Originally I wanted to cover the show, his first in Vancouver since 2006 I believe, for my site, The Snipe News. But when the promoter (Perryscope) didn’t get back to us drastic measures were called for. Fortunately I noticed on Twitter that @weareperrsycope was giving away a pair of tickets. I RT’d, but knowing my girlfriend has all the luck (and more followers) when it comes to these things, I asked her to RT as well and voila!
We were on the beach (Wreck, but that’s another story) when we heard, so we didn’t have as much late-Friday-afternoon relaxing time as we would have liked. No matter; Davies put on a phenomenal show. He was backed up by second guitarist Bill Shanley (acoustic and electric) and, for a few songs, the opening band, L.A. power-pop quartet The 88.
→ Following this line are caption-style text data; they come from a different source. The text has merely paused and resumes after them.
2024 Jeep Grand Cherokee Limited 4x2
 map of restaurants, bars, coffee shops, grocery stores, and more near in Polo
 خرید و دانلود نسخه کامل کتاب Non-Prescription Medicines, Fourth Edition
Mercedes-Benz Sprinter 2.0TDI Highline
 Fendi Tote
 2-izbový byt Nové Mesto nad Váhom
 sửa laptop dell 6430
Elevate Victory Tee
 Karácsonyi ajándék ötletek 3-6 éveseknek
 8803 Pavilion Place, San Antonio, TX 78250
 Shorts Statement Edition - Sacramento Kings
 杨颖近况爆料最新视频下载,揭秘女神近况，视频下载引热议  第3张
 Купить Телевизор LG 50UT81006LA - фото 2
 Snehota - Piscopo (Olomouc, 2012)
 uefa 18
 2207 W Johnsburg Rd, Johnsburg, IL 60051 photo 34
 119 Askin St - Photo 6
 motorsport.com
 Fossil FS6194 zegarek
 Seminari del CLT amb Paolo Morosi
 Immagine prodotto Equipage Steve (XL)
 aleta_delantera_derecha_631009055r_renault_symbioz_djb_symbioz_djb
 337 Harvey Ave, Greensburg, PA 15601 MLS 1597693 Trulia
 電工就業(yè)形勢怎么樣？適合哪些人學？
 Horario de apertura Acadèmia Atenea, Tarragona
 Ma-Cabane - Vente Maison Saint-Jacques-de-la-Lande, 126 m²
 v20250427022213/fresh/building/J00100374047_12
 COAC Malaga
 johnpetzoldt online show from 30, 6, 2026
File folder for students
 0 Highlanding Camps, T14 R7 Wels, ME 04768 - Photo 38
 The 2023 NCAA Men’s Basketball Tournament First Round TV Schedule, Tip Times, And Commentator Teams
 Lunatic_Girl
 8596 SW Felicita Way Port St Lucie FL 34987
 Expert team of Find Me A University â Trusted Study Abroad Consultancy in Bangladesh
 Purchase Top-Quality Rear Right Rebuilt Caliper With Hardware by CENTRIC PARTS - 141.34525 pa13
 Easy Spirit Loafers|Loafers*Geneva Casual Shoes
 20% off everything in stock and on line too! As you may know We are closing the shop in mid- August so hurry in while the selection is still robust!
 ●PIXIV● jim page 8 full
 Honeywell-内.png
This was the start of the songwriter’s West Coast North America 2012 tour, and I can promise that most if not all Kinks fans won’t be disappointed – as long as they’re not hoping for immaculate versions of Kinks klassics. Indeed, some of the songs approached garage-rock, with three electric guitars onstage for some tunes that appeared to have been, shall we say, under-rehearsed.
Still, Davies’ energy and charm, as well as The 88′s enthusiasm to be let loose on one of the best classic-rock catalogues ever, carried the show. Highlights for me included a rollicking version of “Where Have All the Good Times Gone”, a sweet “Come Dancing”, a sublime “Celluloid Heroes” and “Misfits” and even “You Really Got Me” – a played-and-covered-to-death number that I didn’t think I ever needed to hear again in my lifetime but which suddenly felt like we were witnessing the birth of the creation of the world, witnesses to the discovery of the Higgs Boson particle that underlies all rock ‘n’ roll.
Anyway. Davies only came out for one encore – “Low Budget”. We demanded more – I can’t remember the last time I was at a show where the audience kept up this noise level for this long – but it was not to be. It wasn’t enough, but then, he would have had to play all night.